In trying to get people to understand the seriousness of the Climate Emergency, one common objection to taking action on the Climate Emergency is, “Why should we? Look at China / America / India – they are the ones that need to be taking action”. This argument was famously used by Republican Garret Graves when he implied that China was largely to blame for emissions in a congressional subcommittee attended by Greta Thunberg. She responded that in Sweden, people use the same argument: “Why should we do anything, just look at the US, they say”.
Blaming other countries makes sense. It gives us a clear, simple reason for why something has happened, and it absolves us of responsibility and the need to make uncomfortable changes.
According to the excellent book, “Factfulness” by Hans Rosling, the blame instinct “derails our ability to develop a true, fact-based understanding of the world: it steals our focus [and] undermines our ability to solve the problem”. And in the West, we are very apt to blame countries like China and India for carbon emissions.
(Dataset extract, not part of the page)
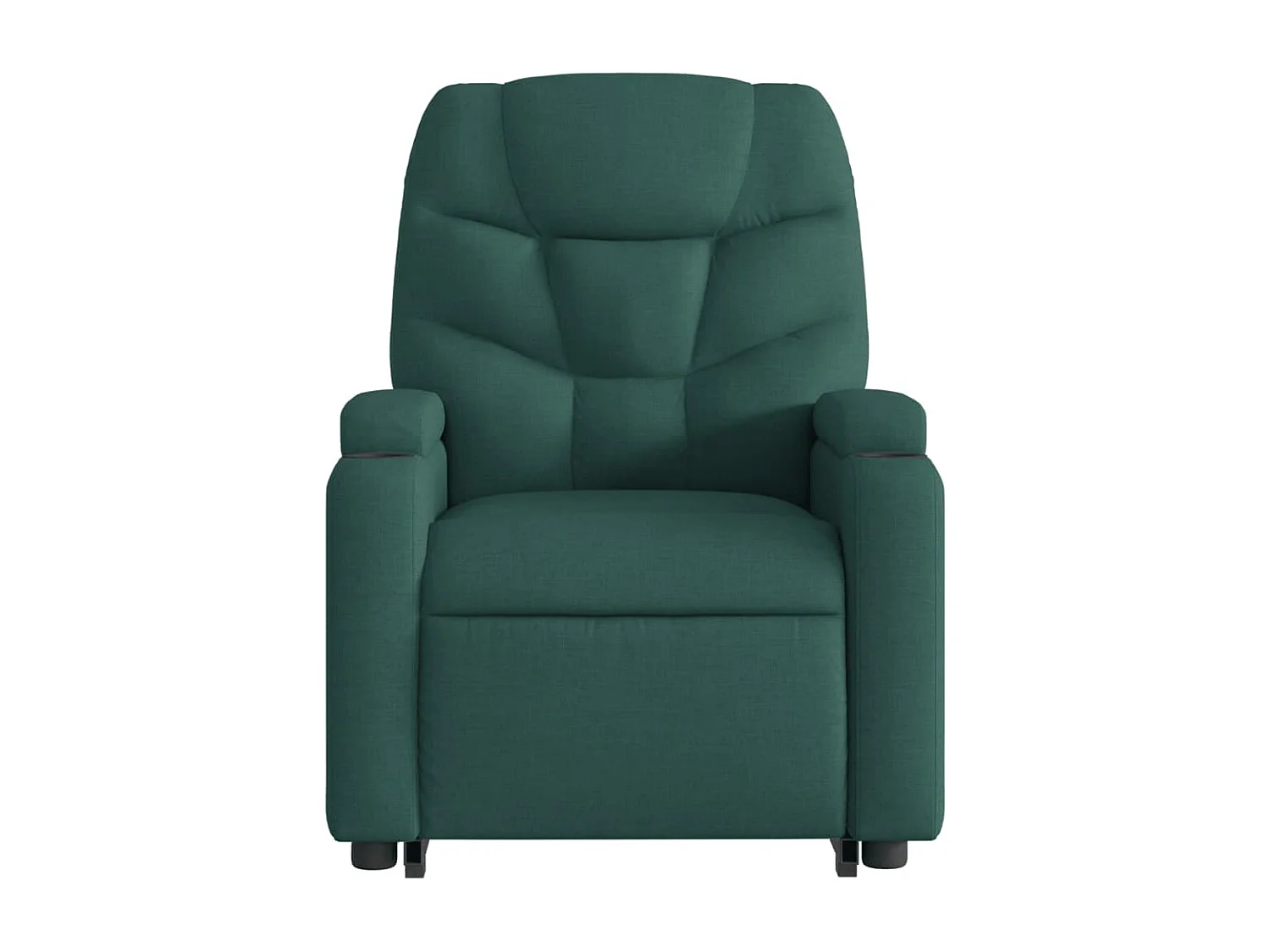 Fauteuil inclinable massant Vert foncé Tissu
This is unfair in several respects.
Firstly, people in China and India have vastly lower carbon emissions per capita than people in Europe and America. Most of the human-emitted CO2 accumulated in the atmosphere in the last 50 years was emitted by developed countries, and even now the richest 1 billion people on the planet are responsible for over half of carbon emissions.
Secondly, because of the aspect of “climate equity”, the notion that our historical carbon emissions have given people in the West a standard of living that we enjoy today. Is it fair to deny people in poorer nations the same chance to develop their own infrastructure and standard of living now, when they have not produced the same level of historical carbon emissions?
And thirdly, because whilst our government proudly cites a reduction in emissions here, this is partly because the manufacturing of goods here is declining, whilst it grows in other countries. We have been able to reduce our carbon emissions by consuming goods made in China. We haven’t necessarily reduced our carbon footprint at all. We’ve simply exported our emissions.
So, let’s stop the blame game and resist the urge to point fingers. Instead, we need to take steps to understand the causes of climate change and focus our energy on what steps we can take to avert the Climate Emergency.